3. Angelica in Shattered Glass by Dani Alexander
Shattered Glass isn't a perfect book by any means, and the concept behind Angelica seems dangerous on the first pass: the gay main character's fiancee, the latest in a line of seemingly disposable women he can't commit to. Latest and last, because of course by the end of the book he realizes he's actually been gay all along. Angelica could easily be a shrew, an over the top example of why all women are just totally wrong for the main character, but she's not. She's a human being, and the book doesn't automatically forgive the main character for his behaviour toward her just because he's gay and figuring himself out.

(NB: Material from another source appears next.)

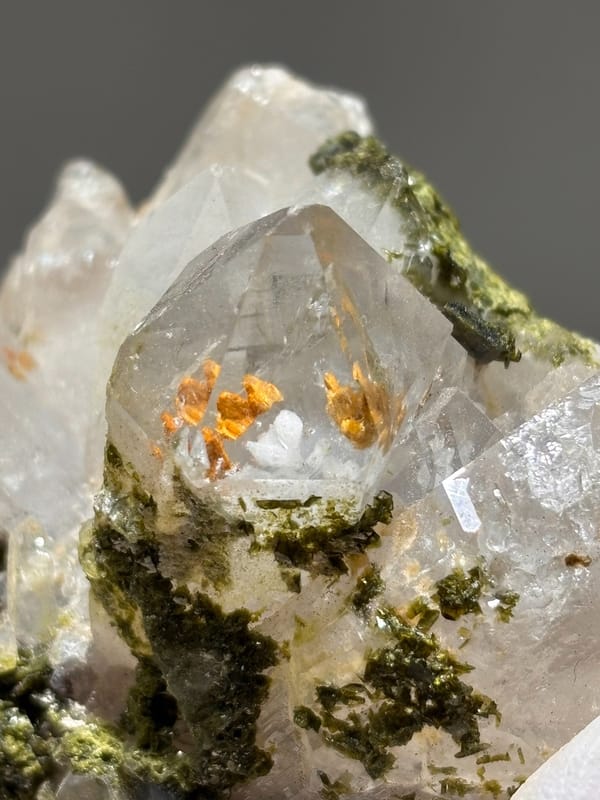 Garden quartz cluster with epidote and orange inclusions from Sichuan, China, close-up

Part of his arc includes acknowledging Angelica's feelings, talking things over with her, making up like adults. If only all exes and beards in M/M could be given those same (very basic) dignities.
4. Tate in The Usual Apocalypse by Christine Price
Tate's one of my favourite character types: the sidekick/assistant who's frighteningly competent at their job (think Ianto Jones of Torchwood). But Tate is more than someone to move the plot forward by keeping the hero from having to do all that boring research and paperwork. She's smart and funny, full of memorable snark and some of the novel's best lines, a character with wit and drive who totally "clicks" with the hero and who you as a reader just really like spending time with. Sometimes that's all you need.
5. Natalie in Shivaree by Cara McKenna
Okay, this is a bit of a cheat because Natalie is an actual POV character in this hot series filled with M/M/F sex. However, I'm including her because this isn't a typical romance (M/M, M/M/F, or otherwise), and Natalie represents an intrusion on an established gay relationship. In your typical M/M book, you can only imagine how badly Natalie would be written and treated, and in an M/F/M, she'd be some kind of irresistible goddess that is just too perfect and lovely and sexy for only one man. Here, she's an actual woman, someone I found it easy to relate to. She's attracted to a pair of hot guys, has no concept of the substantial issues in their relationship, and stumbles right on in, shamelessly chasing her desires while also helping both men to work out their issues. I won't spoil the ending, but I will say it's unpredictable and massively satisfying, and what's more, Natalie is never once cast off as a homewrecking whore, nor a kindly saviour, here to selflessly magic away a gay couple's troubles. And the sex is pure wish-fulfillment. ;)
So there's my list of favourite portrayals. Have your own? Disagree with mine? I'd love to hear from you. :)
And if there's any M/M authors reading, take this as a challenge! Include a positive, well-rounded female character with a life and motivation of her own in your next work. Go on, do it!